It has been a long time since I wrote in a blog or journal...
I have been so preoccupied with my sketchbook and iphone that I haven't been reaching for my personal pen and paper, or turning to share my thoughts with the internet space.
I'm not sure if i'll keep up with this, but i'm thinking it may be a nice awareness practice if i type thoughts out every day on here... my first thought is to share my new goal: 1 hour of internet a day, for 30 days.
I'm starting tomorrow, as I have already been on my computer for a long time today.
Some days I don't spend any time on the internet... other days I use it constantly, usually just to have netflix playing, if i'll be honest. I watch netflix and hbo in "the background" of other activities. it is impossible for me to not sit and watch it though, unless I'm dying my hair. just learned that shows really do sit in the background while I do that.

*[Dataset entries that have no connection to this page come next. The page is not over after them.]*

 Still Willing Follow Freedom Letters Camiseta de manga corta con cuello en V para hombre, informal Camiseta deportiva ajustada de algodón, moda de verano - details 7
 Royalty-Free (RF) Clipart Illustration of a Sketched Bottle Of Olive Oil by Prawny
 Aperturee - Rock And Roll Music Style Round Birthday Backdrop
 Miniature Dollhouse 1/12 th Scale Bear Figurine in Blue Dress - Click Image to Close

I love being blonde. despite having had just walked into a fucking wall, i really like my new look. i feel fresh and ready for summer. I have to get ready for summer though. it's job searching time!
Tomorrow is painting class and I really don't want to paint on another plastic board. I miss canvas!

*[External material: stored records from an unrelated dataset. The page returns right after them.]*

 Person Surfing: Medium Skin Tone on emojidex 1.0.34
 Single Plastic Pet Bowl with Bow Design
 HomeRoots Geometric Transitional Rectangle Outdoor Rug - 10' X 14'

So less internet is a plus. I'm considering taking down my fb. I don't need it and it only gives me a chance to scrutinize myself and others. Yeah... I'll take it down. I get a lot more entertainment out of okcupid anyways, and that can actually materialize into an experience. I don't read the event invites- and even when i do, i almost always forget about the event. I think I hear about stuff through actual people most of the time.

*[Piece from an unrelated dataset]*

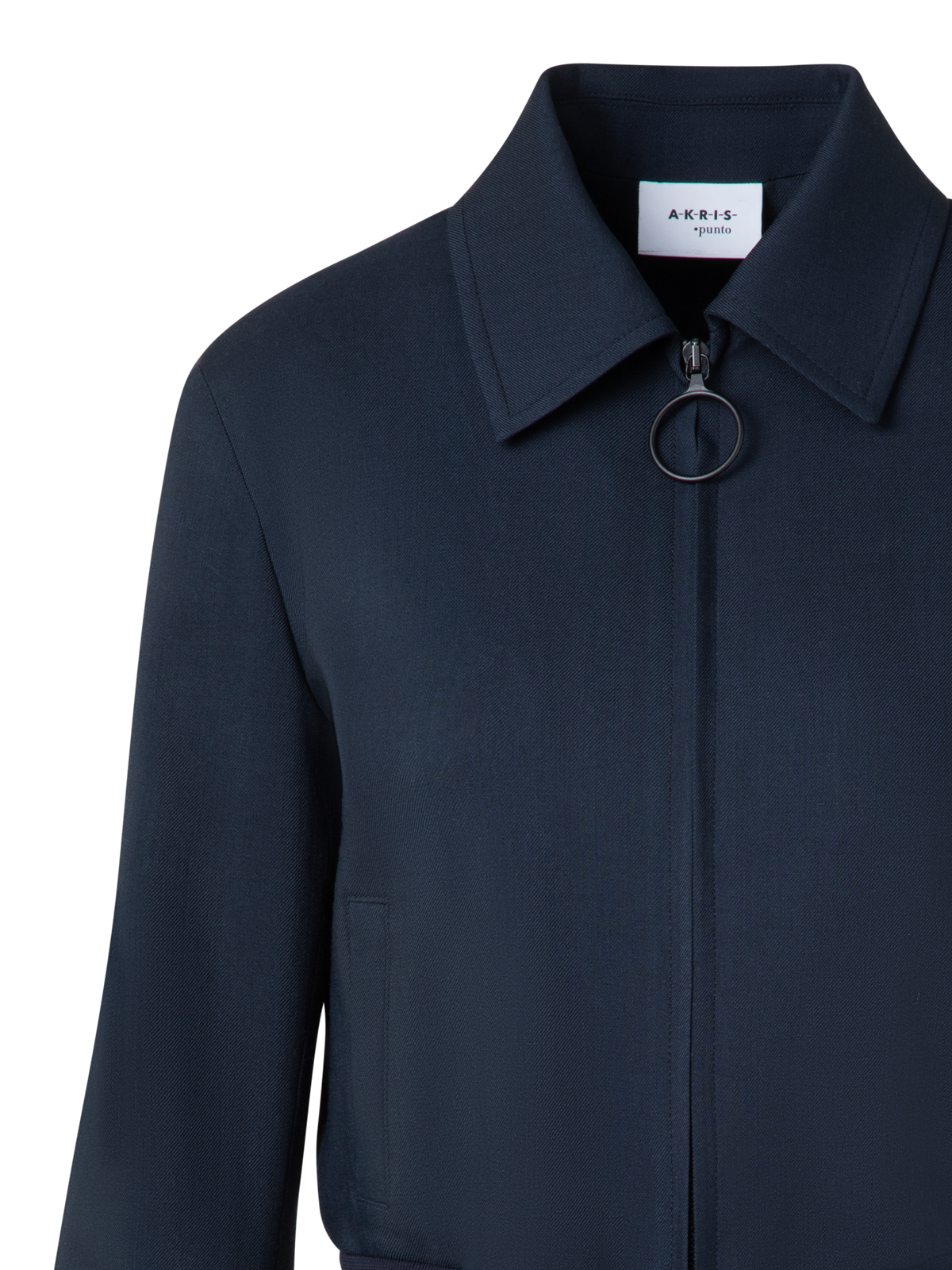 Designer Kurze Bomberjacke aus Cool Wool - Dunkelblau - Blau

Plus, a lot of the invites I do get are from people I'm not sure i want to spend time with anymore. sadly, i'm starting to realize the friends i made two years ago with pogo might just be people that i partied with a bunch a while back... I love and care for those people a lot, but i'm thinking i might make more valuable connections if i am a little more specific about my time spent with people- which i have been...
I have spent so much time at home lately. i really like being here. i like being alone with my cats in my house. it's peaceful and easy.
I want to start exorcizing though, for real. it's been too long since i sweat hard. I feel my inner body aging from tiredness. I'm about to go to GA, it would be nice if i felt a little more alive when i arrive.
I think, this week, I'll not allow myself to go home after class like i always do... this is something i have said i should do since the beginning of the semester, and i know it works. i can do it.
I really want to just get all the work done that i need to. it's so important. It's the end of the semester and i have been slacking. I think i will do okay if i actually do well on these last assignments.
I don't want to stay up all night all cracked out and stuff.
I just want to get things done, exorcise and rest. i can do it!!! And then, i'll find a job and it will be exciting and new and maybe by then I wont have a black eye.